The Report suggests a new green learning agenda involves three approaches:
- Approach 1 – Technical education and training aimed at “skills for green jobs” through a gender-transformative approach;
- Approach 2 – Building “green life skills” or pro-environmental behaviors focused on climate change education (CCE) and education for sustainable development (ESD);
- Approach 3 – Developing “skills for green transformation” by transforming mindsets and confronting the underlying structures of inequality and systems of oppression that sustain climate vulnerability.
Public, non-profit, and for-profit enterprises are taking note. For instance, last year New Jersey became the first U.S. state to incorporate climate change in its K-12 education curriculum. The new standards, which take effect in September 2021 and 2022, offer a broad outline that will allow school districts to craft instruction based on why the planet is warming and what can be done to mitigate it.
The W!SE Institute, a non-profit based in New York City that focuses on college and career readiness for high school students, has introduced Engineered Green Economics (EGE). The initiative prepares high school students to meet complex environmental and social challenges through sustainability education. Students learn about climate change, resource efficiency, clean energy, green careers and new technologies to address environmental, social and business mandates.
Earlier this month General Motors (GM) announced the launch of its GM Automotive Manufacturing Electric College (AMEC). To support the automaker’s clean energy transformation including 30 new electric vehicles by 2025 and hitting zero tailpipe emissions by 2035, many of its employees will receive electric vehicle training through AMEC.
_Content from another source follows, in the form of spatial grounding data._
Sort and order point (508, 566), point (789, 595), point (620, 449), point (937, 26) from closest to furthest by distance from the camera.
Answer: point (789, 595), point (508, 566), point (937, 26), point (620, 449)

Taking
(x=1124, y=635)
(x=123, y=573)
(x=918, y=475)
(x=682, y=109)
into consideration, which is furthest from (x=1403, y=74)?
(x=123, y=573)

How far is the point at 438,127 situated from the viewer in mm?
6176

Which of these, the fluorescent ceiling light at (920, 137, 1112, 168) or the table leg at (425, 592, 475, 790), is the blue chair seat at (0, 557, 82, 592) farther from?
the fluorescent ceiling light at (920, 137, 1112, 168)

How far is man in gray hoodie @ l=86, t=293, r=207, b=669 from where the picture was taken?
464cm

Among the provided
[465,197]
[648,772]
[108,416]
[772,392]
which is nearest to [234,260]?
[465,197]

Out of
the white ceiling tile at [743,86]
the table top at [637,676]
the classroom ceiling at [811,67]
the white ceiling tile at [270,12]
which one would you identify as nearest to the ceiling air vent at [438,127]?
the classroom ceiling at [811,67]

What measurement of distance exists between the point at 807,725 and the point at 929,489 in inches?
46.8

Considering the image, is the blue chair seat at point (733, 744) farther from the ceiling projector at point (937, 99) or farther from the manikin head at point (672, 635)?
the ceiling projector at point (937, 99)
Bending the Curve: Climate Change Solutions™ is a multifaceted education project initiated by the University of California. The education is centered around a curriculum designed to empower a million climate champions across the world to solve the climate change problem. It draws inspiration from the report Bending the Curve: 10 Scalable Solutions written by 50 University of California (UC) academics in natural sciences including engineering and technology, social sciences, and humanities.
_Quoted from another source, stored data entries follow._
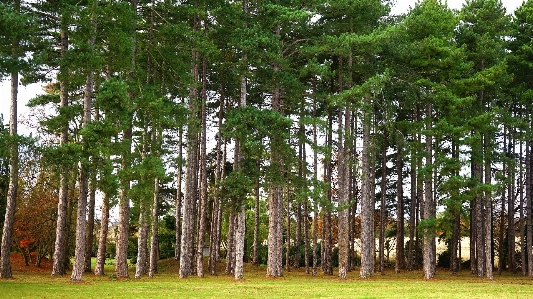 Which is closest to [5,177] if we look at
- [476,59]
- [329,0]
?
[329,0]

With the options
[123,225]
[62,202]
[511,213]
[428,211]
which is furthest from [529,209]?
[62,202]

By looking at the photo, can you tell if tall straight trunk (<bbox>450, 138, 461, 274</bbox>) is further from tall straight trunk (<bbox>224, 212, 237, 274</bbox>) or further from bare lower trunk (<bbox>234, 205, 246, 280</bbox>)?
tall straight trunk (<bbox>224, 212, 237, 274</bbox>)

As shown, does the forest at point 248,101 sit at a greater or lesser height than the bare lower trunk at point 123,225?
greater

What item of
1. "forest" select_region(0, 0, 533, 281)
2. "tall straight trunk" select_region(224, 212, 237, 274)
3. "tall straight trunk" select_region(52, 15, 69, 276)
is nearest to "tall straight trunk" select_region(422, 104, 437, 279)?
"forest" select_region(0, 0, 533, 281)

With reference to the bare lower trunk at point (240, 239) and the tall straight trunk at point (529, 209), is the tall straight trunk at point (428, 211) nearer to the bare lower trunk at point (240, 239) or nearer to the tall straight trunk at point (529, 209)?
the tall straight trunk at point (529, 209)

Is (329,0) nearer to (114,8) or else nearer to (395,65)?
(395,65)

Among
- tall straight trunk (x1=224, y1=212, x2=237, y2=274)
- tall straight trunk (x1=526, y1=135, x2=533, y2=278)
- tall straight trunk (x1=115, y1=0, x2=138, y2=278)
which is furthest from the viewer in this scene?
tall straight trunk (x1=224, y1=212, x2=237, y2=274)

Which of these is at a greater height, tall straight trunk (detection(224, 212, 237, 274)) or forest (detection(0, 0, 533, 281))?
forest (detection(0, 0, 533, 281))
Energetic, an innovative board game available in physical and digital editions is being used in classes at Carnegie Mellon, Vanderbilt, Wofford College, Yale, Barnard, the Bronx High School of Science as well as other academic institutions and corporations to help students and teachers understand the impacts of climate change and to show the interactions between climate, energy and politics that are required to decarbonize society.
A broad spectrum of colleges and universities now offer bachelor’s and master’s degrees in sustainability as well as customized executive education options, including short courses and certificates. Trish Kenlon, Founder of Sustainable Career Pathways, suggests 33 sustainability certifications professionals should be aware of, including general sustainability, climate, reporting, green buildings, energy and specialty (such as supply chain).